---------- Extracted records

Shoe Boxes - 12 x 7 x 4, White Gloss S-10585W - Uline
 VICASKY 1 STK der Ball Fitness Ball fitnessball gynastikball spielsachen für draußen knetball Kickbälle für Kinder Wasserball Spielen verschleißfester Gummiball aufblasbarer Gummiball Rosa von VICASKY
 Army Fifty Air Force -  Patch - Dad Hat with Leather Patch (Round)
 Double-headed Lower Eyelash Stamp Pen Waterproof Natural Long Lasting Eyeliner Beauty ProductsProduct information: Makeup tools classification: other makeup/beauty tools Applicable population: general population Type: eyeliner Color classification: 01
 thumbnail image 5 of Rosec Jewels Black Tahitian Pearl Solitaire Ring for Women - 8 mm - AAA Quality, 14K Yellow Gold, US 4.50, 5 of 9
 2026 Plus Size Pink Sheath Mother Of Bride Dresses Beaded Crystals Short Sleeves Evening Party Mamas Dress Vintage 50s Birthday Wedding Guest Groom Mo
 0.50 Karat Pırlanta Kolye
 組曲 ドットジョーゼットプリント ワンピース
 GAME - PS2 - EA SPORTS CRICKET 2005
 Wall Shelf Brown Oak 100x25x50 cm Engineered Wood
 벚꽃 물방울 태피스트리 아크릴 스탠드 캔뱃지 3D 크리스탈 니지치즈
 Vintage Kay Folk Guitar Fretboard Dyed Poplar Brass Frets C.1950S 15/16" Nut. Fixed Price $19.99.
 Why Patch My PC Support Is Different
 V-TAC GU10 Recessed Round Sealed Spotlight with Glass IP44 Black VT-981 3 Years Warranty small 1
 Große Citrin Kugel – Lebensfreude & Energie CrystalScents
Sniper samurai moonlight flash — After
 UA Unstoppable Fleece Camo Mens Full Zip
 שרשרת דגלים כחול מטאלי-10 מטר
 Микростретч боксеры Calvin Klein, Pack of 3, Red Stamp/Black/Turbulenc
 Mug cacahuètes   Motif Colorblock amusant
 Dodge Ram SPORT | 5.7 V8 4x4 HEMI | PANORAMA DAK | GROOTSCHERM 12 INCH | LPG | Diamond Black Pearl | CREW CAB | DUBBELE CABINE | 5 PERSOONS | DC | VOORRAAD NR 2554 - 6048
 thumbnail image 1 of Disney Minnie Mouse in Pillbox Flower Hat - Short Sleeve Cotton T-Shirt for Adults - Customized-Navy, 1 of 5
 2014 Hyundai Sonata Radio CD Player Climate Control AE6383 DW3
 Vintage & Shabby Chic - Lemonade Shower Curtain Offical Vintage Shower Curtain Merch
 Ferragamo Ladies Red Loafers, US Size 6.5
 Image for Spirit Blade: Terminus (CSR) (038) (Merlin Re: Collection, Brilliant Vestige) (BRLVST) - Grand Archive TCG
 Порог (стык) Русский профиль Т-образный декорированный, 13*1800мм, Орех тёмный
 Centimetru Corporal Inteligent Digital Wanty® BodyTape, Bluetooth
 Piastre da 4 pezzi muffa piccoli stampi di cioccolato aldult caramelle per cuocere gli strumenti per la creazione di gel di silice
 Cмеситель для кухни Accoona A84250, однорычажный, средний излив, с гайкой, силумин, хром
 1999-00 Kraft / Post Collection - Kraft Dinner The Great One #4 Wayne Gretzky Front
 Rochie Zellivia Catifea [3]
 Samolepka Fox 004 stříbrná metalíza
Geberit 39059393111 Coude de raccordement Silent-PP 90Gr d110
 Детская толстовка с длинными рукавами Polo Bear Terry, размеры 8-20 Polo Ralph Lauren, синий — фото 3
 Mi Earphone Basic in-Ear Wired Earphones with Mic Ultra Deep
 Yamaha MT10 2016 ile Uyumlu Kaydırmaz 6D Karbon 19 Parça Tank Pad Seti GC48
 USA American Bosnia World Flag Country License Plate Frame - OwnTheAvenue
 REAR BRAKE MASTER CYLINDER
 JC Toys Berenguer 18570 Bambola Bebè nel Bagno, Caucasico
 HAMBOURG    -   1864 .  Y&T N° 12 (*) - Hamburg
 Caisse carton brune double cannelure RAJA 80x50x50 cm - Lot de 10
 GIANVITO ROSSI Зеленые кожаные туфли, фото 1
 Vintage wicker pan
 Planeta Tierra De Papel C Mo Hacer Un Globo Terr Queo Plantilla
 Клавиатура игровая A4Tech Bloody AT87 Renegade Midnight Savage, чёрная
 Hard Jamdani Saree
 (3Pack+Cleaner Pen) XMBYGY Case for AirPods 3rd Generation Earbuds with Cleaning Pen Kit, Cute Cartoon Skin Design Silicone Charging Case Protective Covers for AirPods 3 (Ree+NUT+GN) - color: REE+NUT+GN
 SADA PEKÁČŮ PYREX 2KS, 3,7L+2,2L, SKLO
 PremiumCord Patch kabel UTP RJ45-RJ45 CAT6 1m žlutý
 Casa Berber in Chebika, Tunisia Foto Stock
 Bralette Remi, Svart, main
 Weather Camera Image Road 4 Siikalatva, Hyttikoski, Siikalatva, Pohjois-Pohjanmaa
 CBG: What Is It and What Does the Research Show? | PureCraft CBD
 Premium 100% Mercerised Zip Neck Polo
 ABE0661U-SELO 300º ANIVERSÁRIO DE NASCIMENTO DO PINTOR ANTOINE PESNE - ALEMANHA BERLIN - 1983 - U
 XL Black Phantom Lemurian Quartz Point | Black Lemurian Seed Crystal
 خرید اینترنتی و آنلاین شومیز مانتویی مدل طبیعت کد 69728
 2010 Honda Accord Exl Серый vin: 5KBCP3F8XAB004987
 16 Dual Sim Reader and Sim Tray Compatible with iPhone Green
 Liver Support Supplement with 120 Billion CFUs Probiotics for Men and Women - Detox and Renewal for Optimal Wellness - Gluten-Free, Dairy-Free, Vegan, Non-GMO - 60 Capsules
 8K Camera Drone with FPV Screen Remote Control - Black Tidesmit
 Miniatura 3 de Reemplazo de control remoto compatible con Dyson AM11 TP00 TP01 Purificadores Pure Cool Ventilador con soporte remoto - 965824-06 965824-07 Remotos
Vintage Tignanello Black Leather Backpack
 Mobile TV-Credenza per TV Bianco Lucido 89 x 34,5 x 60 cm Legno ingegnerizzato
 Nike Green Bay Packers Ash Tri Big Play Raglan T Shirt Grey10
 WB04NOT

--------------------

* Brief
Go through the listing and copy each line that includes the string "Women".

* Exercise solution
 thumbnail image 5 of Rosec Jewels Black Tahitian Pearl Solitaire Ring for Women - 8 mm - AAA Quality, 14K Yellow Gold, US 4.50, 5 of 9
 Liver Support Supplement with 120 Billion CFUs Probiotics for Men and Women - Detox and Renewal for Optimal Wellness - Gluten-Free, Dairy-Free, Vegan, Non-GMO - 60 Capsules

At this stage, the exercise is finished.